'''

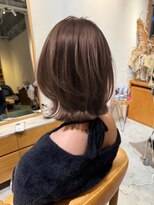 ヴィヴィッド オモテサンドウ(ViViD omotesando)&nbsp;くびれヘア　くびれボブ　レイヤーボブ　大人ボブ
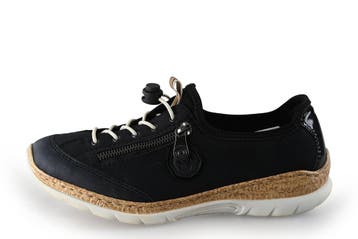 Rieker Sneakers in maat 39 Blauw, Kleding | Dames, Zo goed als nieuw, Sneakers, Rieker, Verzenden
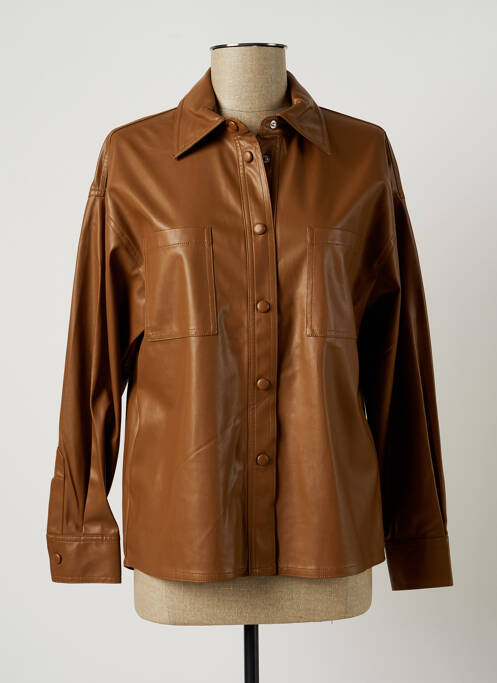 Cămașă maro SISLEY femeie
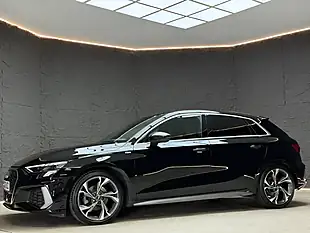 Used 2022 Audi A3 S Line Black - Interior and Exterior details 11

'''

Work to complete |
Each line above should be returned exactly as written, apart from any pictures.

Response below |
 ヴィヴィッド オモテサンドウ(ViViD omotesando)&nbsp;くびれヘア　くびれボブ　レイヤーボブ　大人ボブ
 Rieker Sneakers in maat 39 Blauw, Kleding | Dames, Zo goed als nieuw, Sneakers, Rieker, Verzenden
 Cămașă maro SISLEY femeie
 Used 2022 Audi A3 S Line Black - Interior and Exterior details 11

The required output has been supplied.